That does not mean they did not also want some distance from some ‘seedy’ book by a small 3pp. I just don’t think that was their main concern

He also said that with the release under CC they are now essentially defenseless and have to rely on their customers sticking by them when / if such a scenario arises. That runs counter to the ‘the CC created the desired distance, so they got what they wanted’ narrative
 

Parmandur

Book-Friend
did he say they were not concerned about sales? If they were afraid of the likes of Disney releasing a TTRPG based on the OGL, I doubt it was about anything but volume with them.

That does not mean they did not also want some distance from some ‘seedy’ book by a small 3pp. I just don’t think that was their main concern

He also said that with the release under CC they are now essentially defenseless and have to rely on their customers sticking by them when / if such a scenario arises. That runs counter to the ‘the CC created the desired distance, so they got what they wanted’ narrative
He said they were terrified of seedy D&D stuff from a megaciro like Meta or Microsoft.

And shifting any responsibility for the game to users of Creayive Commobs is precisely the plausible deniability they seem to want.
 

mamba

Legend
He said they were terrified of seedy D&D stuff from a megaciro like Meta or Microsoft.
hm, I remember this as two separate cases, being associated with seedy stuff from small publishers, and facing stiff competition from a large corp entering the field.

I am not seeing Disney, MS, or Meta releasing the seedy material
 

Parmandur

Book-Friend
hm, I remember this as two separate cases, being associated with seedy stuff from small publishers, and facing stiff competition from a large corp entering the field.

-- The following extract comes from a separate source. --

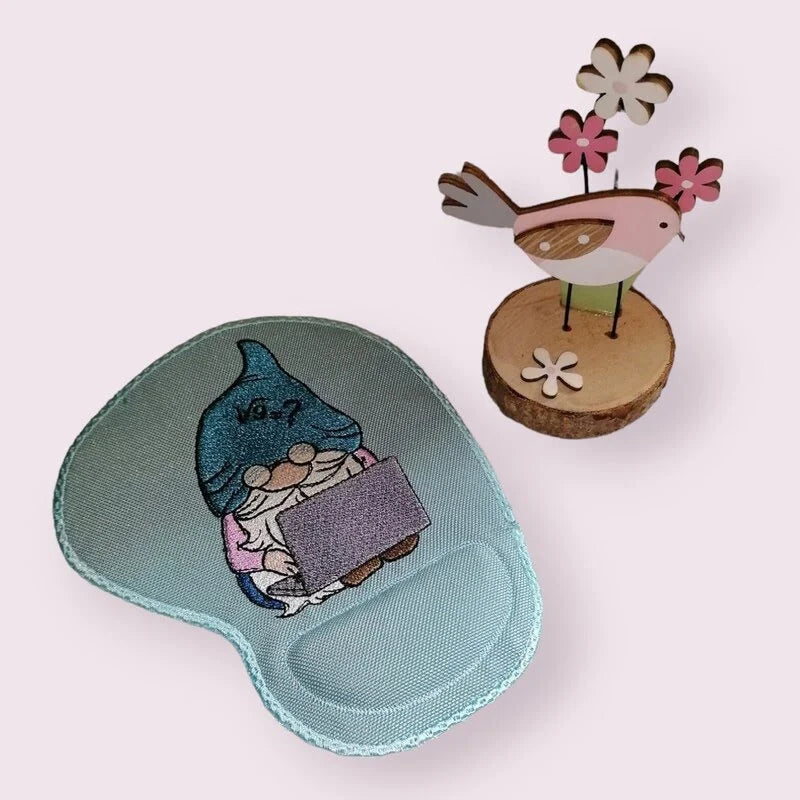 ITH Stickdatei Mousepad mit Sprüchen von stiXXie by lajana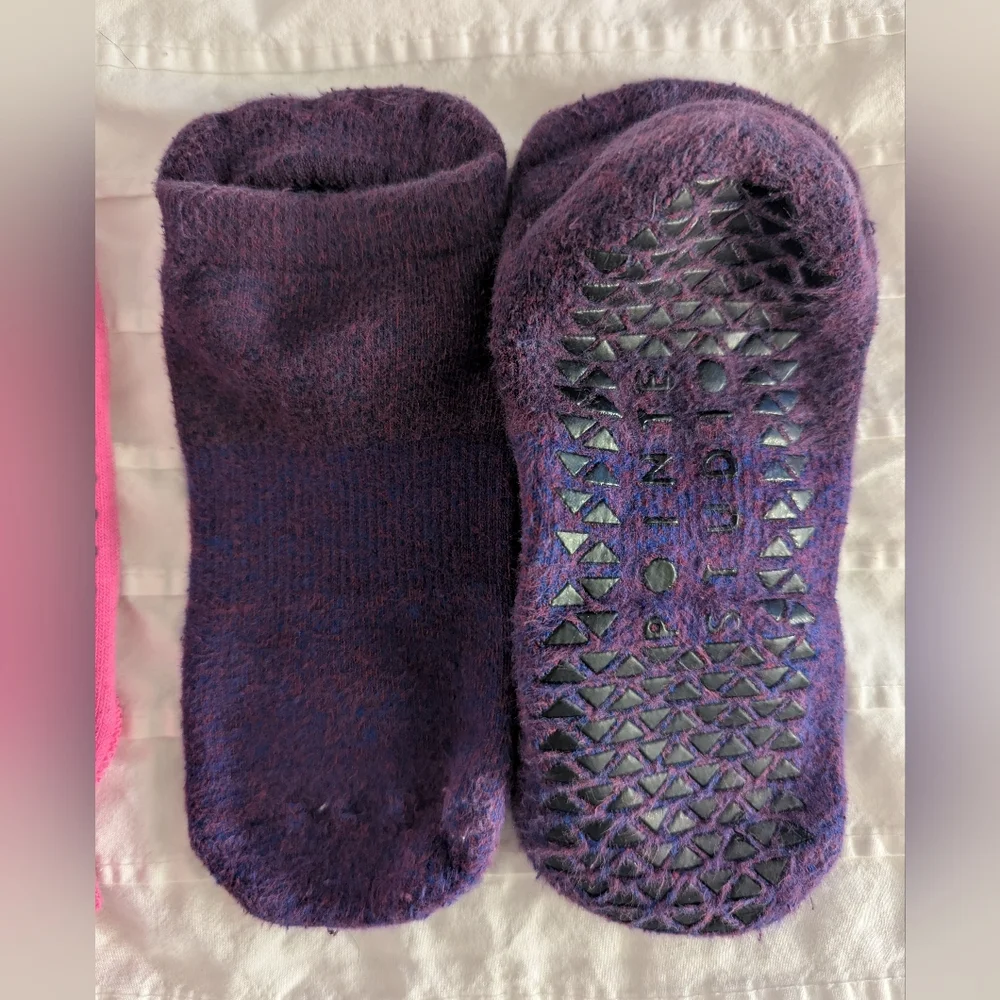 Sashi & Pointe Studio Pilates & Yoga Grip Socks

I am not seeing Disney, MS, or Meta releasing the seedy material
looks at "X" significantly could happen easily enough.
 



Zardnaar

Legend
I am going by what Kyle Brinks actually said, given that it makes sense.

It doesn't make that much sense tbh.

We know 5E is biggest selling D&D ever but if the 60 million number is accurate they've got around 10 times as many players some previous editions that generated 40% of 5E numbers approx (inflation adjusted).

The other number floating around was 50 million players ever in previous statements.

Hence why 60 million doesn't make much sense.

It's why I suspect they haven't released hard numbers except for cherry picked ones and book scan (which are great numbers btw).